If Jesus' model for his followers and Paul's goal for churches was to dominate others, the word Paul received from Jesus ("My grace is sufficient for you, for power is made perfect in weakness" - 2 Corinthians 12:9) and Paul's final claim about himself ("For whenever I am weak, then I am strong" - 2 Corinthians 12:10) would make no sense. Clearly, their goals for us are not domination, but ministry. When your Savior saved through dying on a cross - a stumbling block for many then and now - humility and service and mercy and weakness become practices you seek and attributes you acknowledge, not avoid.

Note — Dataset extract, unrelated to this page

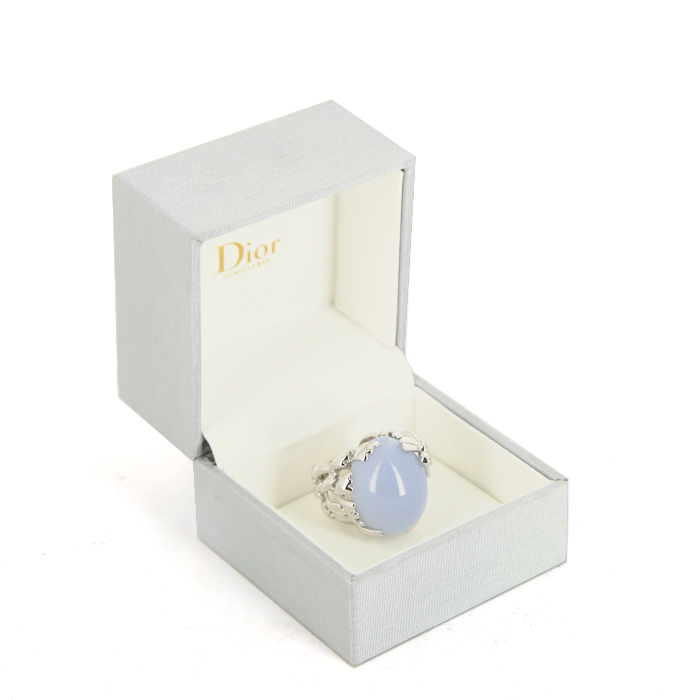 Bague Dior Gourmande "Libellule" en or blanc et diamants et en calcédoine bleue - Detail D2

We acknowledge our weaknesses because it's honest to do so. The weight of trying to pretend we have it all worked out is too heavy.
We acknowledge our weaknesses because doing so drives us to turn to the Father, Son, and Holy Spirit and to our brothers and sisters in Christ for help. Turning to God and others helps that heavy load become more manageable.
We acknowledge our weaknesses because when we do so we become better ministers to others. If I think you haven't struggled, I don't want you to know that I have. If I can't imagine that you have weaknesses, I don't want to share mine. But, if I know that you have worked through some things, are working through others, and still have a ways to go on still others, I'll be more vulnerable with you and more open to you, and I'll trust that the Lord will be in the midst of our gathering of two or three in his name.
Acknowledge your weaknesses before God and, as it's appropriate, others. God's grace is sufficient and acknowledging where you are weak is actually sign of true strength!